问:孔子没,圣人之道失其传,百氏之说纷然肆邪说以枭乱天下。孟轲、荀卿氏作,相与提仁义之言以辟之。陵迟至于汉、唐,道益大坏,扬雄、韩愈氏又从而扶持辨正,然后孔子之道熄而复明。国家承平百年,儒学虽盛,而释、老二氏,源流益炽,至于庄、韩、管仲之学,亦相继而起,天下荧惑,学者不知非焉,此今日之患也。昔者,圣人之徒知其道之在己,一夫不由先王之术,则辟而正之,正而不已,又从而笔之于书,以见后世,不使其贼于仁义。是乌足为儒者道哉?曾西有言曰:「管仲得君如彼其专也,功烈如彼其卑,尔何曾比予于是」?扬子曰:「申、韩之术,不仁之至也。有诵庄、韩之书于孔氏之门,则麾而去之」。韩子谓「释、老之害过于杨、墨」。彼之道不行,由此言之,则彼非其道,不容于圣人之世,从可知矣。然则今之君子有进而取之者,其亦有说乎?不识老庄之所谓道,释氏之所言理性,非之刑名,仲之政令,其有取于孔子之道者乎无也?不可以取而取之,不仁;可以取而去之,不智。如欲取之,又惧夫贼吾之道,而遗患于中国,非孟子所谓「生于其心,害于其政」之虑也,然则如何?如欲去之,必将明吾圣人之术,有以胜于彼者,使彼之奸言邪说不得以欺瞽愚众,而学者之无惑。兹有望于君子言也。
问:夫士志于道,仁义而已矣。舍仁义而言之,非吾所谓道也。子思之言:「率性之谓道,修道之谓教」。韩愈之言:「仁与义为定名,道与德为虚位」。皆合仁义而言之也。《易》之《系辞》则曰:「形而上者之谓道」。又曰:「一阴一阳之谓道」。斯又何道也?夫所谓形而上者,无形之名,而阴阳者,有为之用,然则皆名之道,何也?推乎其本,则与夫子所言之道,其有异乎不异也?先儒云:「百王无变之谓道贯」。或云:「弊者道之失」。既曰不变,而且有弊,何也?必有体用,悉为详言。

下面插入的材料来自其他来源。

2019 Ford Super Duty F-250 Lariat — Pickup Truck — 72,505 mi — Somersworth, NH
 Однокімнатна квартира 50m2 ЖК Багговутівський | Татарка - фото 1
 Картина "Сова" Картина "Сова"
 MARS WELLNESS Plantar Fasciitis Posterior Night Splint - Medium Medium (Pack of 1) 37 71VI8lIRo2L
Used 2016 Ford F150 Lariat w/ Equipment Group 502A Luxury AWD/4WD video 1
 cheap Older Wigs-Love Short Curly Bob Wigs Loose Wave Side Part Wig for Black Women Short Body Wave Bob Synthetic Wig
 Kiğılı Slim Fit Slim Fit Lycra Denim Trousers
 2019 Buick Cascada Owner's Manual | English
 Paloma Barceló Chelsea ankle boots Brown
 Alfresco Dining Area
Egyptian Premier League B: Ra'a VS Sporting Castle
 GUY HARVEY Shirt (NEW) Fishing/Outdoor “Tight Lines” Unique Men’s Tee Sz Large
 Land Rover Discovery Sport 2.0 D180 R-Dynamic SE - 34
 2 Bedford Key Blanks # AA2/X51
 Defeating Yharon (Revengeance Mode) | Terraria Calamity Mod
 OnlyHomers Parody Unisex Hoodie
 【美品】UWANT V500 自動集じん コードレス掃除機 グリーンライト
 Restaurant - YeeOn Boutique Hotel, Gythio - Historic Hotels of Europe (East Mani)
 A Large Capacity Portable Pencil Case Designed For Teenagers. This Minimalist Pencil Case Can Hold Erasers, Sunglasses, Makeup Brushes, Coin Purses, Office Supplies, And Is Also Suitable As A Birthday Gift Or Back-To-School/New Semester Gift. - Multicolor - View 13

问:圣人之志见乎经者,其惟《易》、《春秋》之微乎?夫《易》之为书也,近取诸身,远取诸物,以体天下之动,以尽人事之理,是非无为无体者也。而仲尼曰:「神无方,而《易》无体」。又曰:「《易》无思也,无为也,寂然不动,感而遂通天下之故」。言乎远则不禦迩,则静而正,圣人以此洗心,退藏于密,其神明博大,以至约不可为体要,如是何也?《春秋》之法,常事合礼则不书,违礼则讥之。公、谷氏之言也。或者引以为说,谓《春秋》无褒,可乎?又《谷梁》曰:「《春秋》为尊亲者讳,必微文以示义」。微之之旨,孰见于经?或者谓圣人书法,辞高义隐,理当自尔,非微之也,其说如何?请详于篇,以观学者之所蕴焉(《古灵先生文集》卷二一。)。
方今:原无,据库本、影宋本补。